During the immersion process and gaining knowledge of the social space in which they work, the professional in social intervention often detects a collective problem. Regarding this problem, there might be a passive attitude of waiting or demanding action from others. Imagining that a community worker's action develops solely from an explicit request by people can be, in many cases, an error and naive.
It's an error because someone who does not perceive themselves as proactive is unlikely to ask for certain things. It's naive because a need is not just a state of deprivation, but requires awareness and encouragement regarding the shortcomings people face. For an objective need to become recognized, it requires consciousness and a specific understanding among the people involved. Here lies one of the most important roles of the community worker: go to meet people, fostering a new perspective on the social situations they face, and encouraging them to act.

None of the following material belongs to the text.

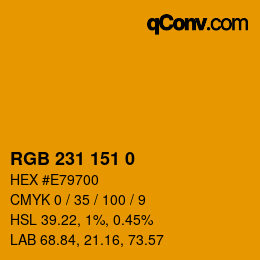 Color code: RGB 231 151 0 | qconv.com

Community Work is proactive in the sense that it requires a positive initiative by the professional. This initiative aims to create a personal or collective climate where an objective need (a deficiency, poor state of affairs, a problematic situation) becomes a subjective need, developing the will to act among the people or building positive motivation for action. Stimulating awareness of need and dissatisfaction with the current situation is a cornerstone of Community Work: the basis of the initial desire to improve is the axis of motivation for action and mobilization. For P. Freire, critical awareness and self-transforming action are synchronous elements in a process of unveiling the situation (removing the veil that obscures reality).
A problem is often not perceived as such if it seems to have no solution (the availability of solutions and resources also defines how we perceive a need). Discontent must be channeled into a hopeful response. Discontent is addressed with information that promotes viable and encouraging action.
The involvement of the people and collective organization can become real when the necessary awareness and belief in the possibility of resolution emerge together among the target people and groups.
However, this dialectic between problems and solutions must not forget that at the very beginning, the emphasis should be on problems and needs.
M. Sanchez warns that defining problems in terms of need rather than solutions is important because it does not prematurely close off potential new solutions. This sense of need is not only useful in initiating collective action but must also be remembered throughout the process as an element to keep the flame of motivation alive.